PerceptionNet: A Deep Convolutional Neural Network for Late Sensor Fusion
We develop a Deep Convolutional Neural Network that applies a late 2D convolution on multimodal time-series sensor data, in order to extract more efficient features than those extracted from humans and Early Fusion (EF) approaches. To test our approach, we use two public available Human Activity Recognition (HAR) datasets, showing that the proposed model surpasses the performance of other state-of-the-art deep learning HAR methods.
- Layer 1: 48 1D convolutional filters with a size of (1,15), i.e., W1 has the shape (1, 15, 1, 48). This is followed by a ReLU activation function, a (1,2) strided 1D max-pooling operation and a dropout probability equal to 0.4.
- Layer 2: 96 1D convolutional filters with a size of (1,15), i.e., W2 has the shape (1, 15, 48, 96). This is followed by a ReLU activation function, a (1,2) strided 1D max-pooling operation and a dropout probability equal to 0.4.
- Layer 3: 96 2D convolutional filters with a size of (3,15) and a stride of (3,1), i.e., W3 has the shape (3, 15, 96, 96). This is followed by a ReLU activation function, a global average-pooling operation and a dropout probability equal to 0.4.
- Layer 4: 10 output units, i.e., W4 has the shape (96, 6), followed by a softmax activation function.
We used the UCL HAR dataset, which consists of tri-axial accelerometer and of tri-axial gyroscope sensor data, collected by a waist-mounted smartphone (Samsung Galaxy S II smartphone). A group of 30 volunteers, with ages ranging from 19 to 48 years, executed six daily activities (standing, sitting, laying down, walking, walking downstairs and upstairs). The mobile sensors produced 3-axial linear acceleration and 3-axial angular velocity data with a sampling rate of 50 Hz and were segmented into time windows of 128 values (2.56 sec), having a 50% overlap. Furthermore, the dataset is separated into train data. The obtained dataset contains 10,299 samples, which are partitioned into two sets, where 70% of the volunteers (21 volunteers) was selected for generating the training data (7,352 samples) and 30% (9 volunteers) the test data (2,947 samples).

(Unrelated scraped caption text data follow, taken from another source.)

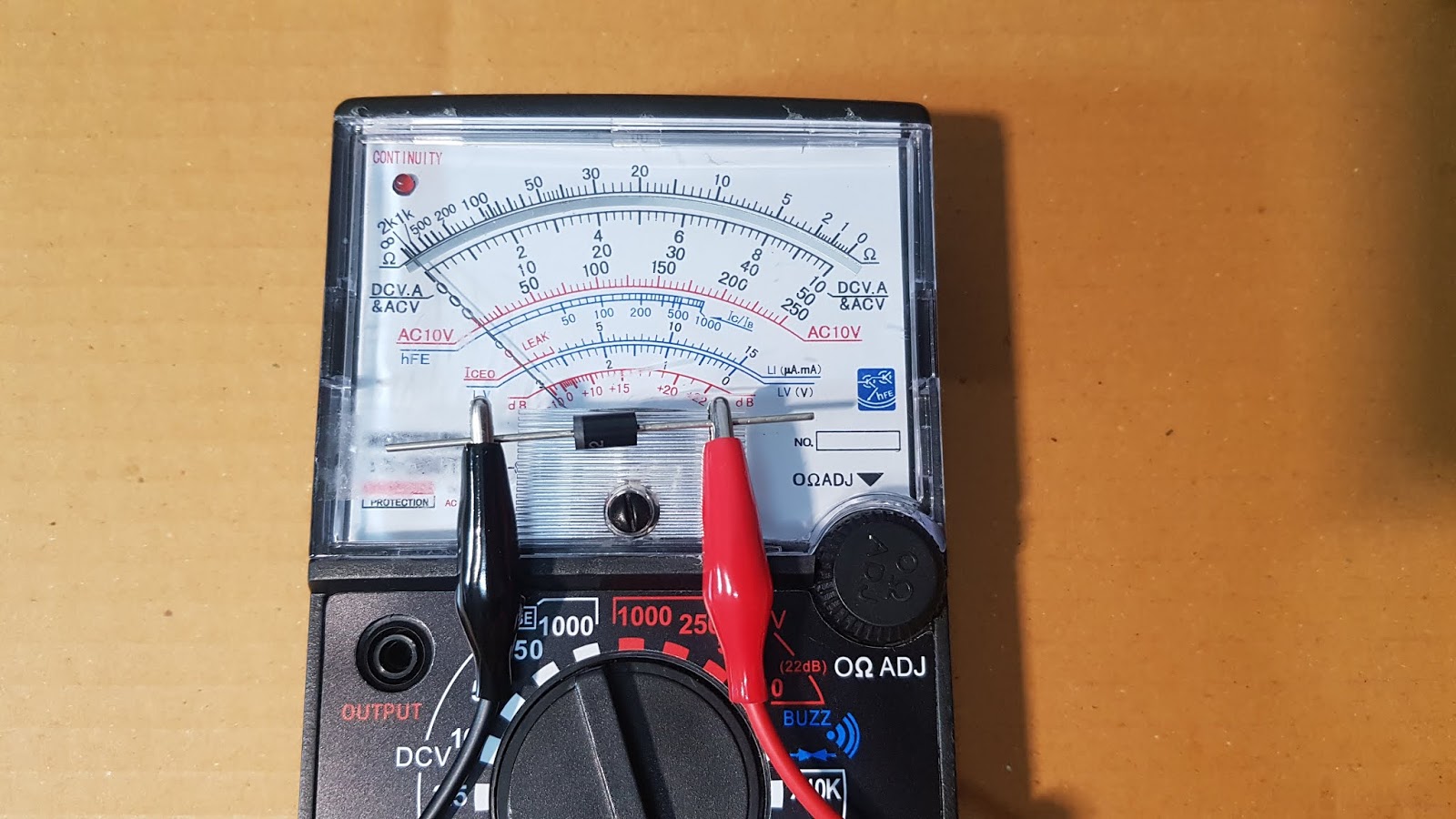 30 Multimeter use how to test electronic device with a multimeter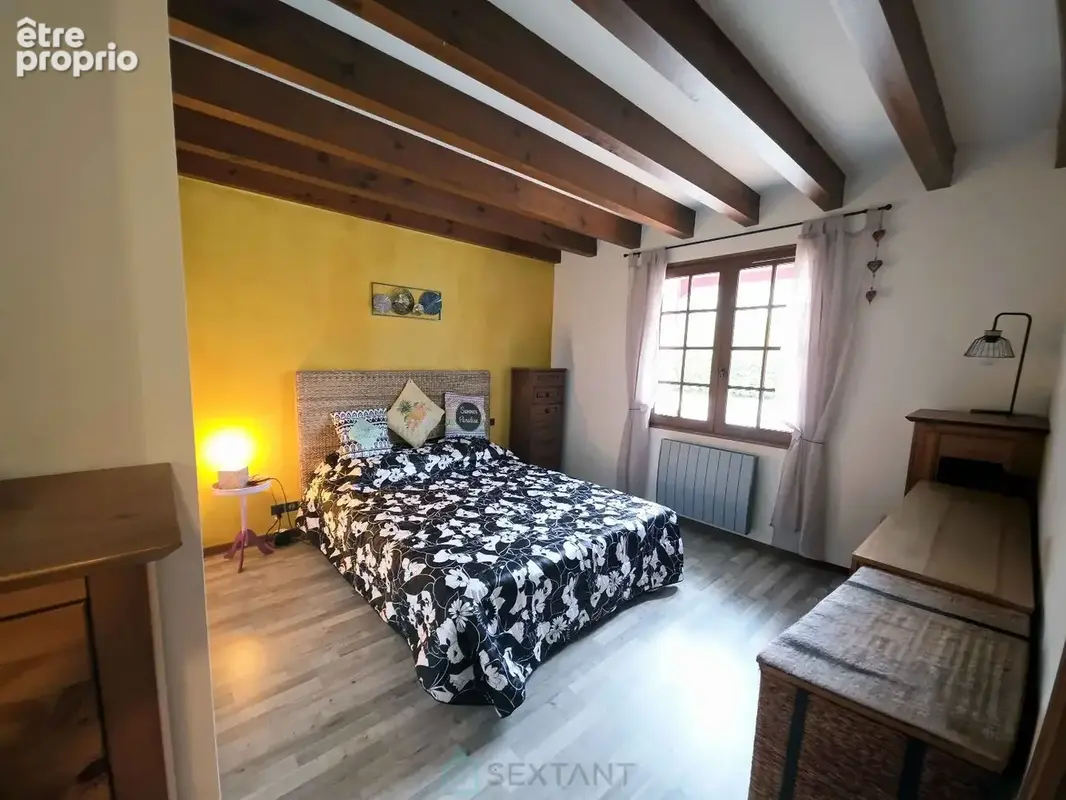 Biscarrosse  Propriété d'inspiration basque avec piscine & potentiel foncier - photo 10
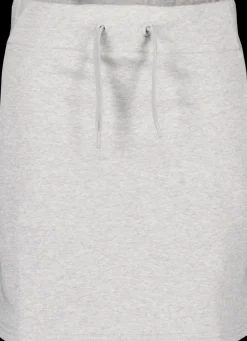 Discount Didriksons Hållö Skirt Aluminum melange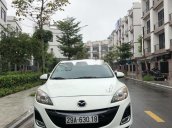 Bán ô tô Mazda 3 năm sản xuất 2009, màu trắng, nhập khẩu, 342tr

Fig. 2 shows that by applying the t-SNE algorithm after the last convolutional operation most of the instances of the six activity classes are easily categorized.
We achieved an 0.9725 accuracy on the test data. Fig. 3 presents the confusion matrix which reveals the difficulty of distinguishing standing from sitting and the reverse. Τhis misclassification is a common problem, and an extra IMU on the thigh would be a solution.
This work is funded by the European Commission under project TRILLION, grant number H2020-FCT-2014, REA grant agreement n° . Moreover, we gratefully acknowledge the support of NVIDIA Corporation with the donation of the Titan-X GPU used for this research.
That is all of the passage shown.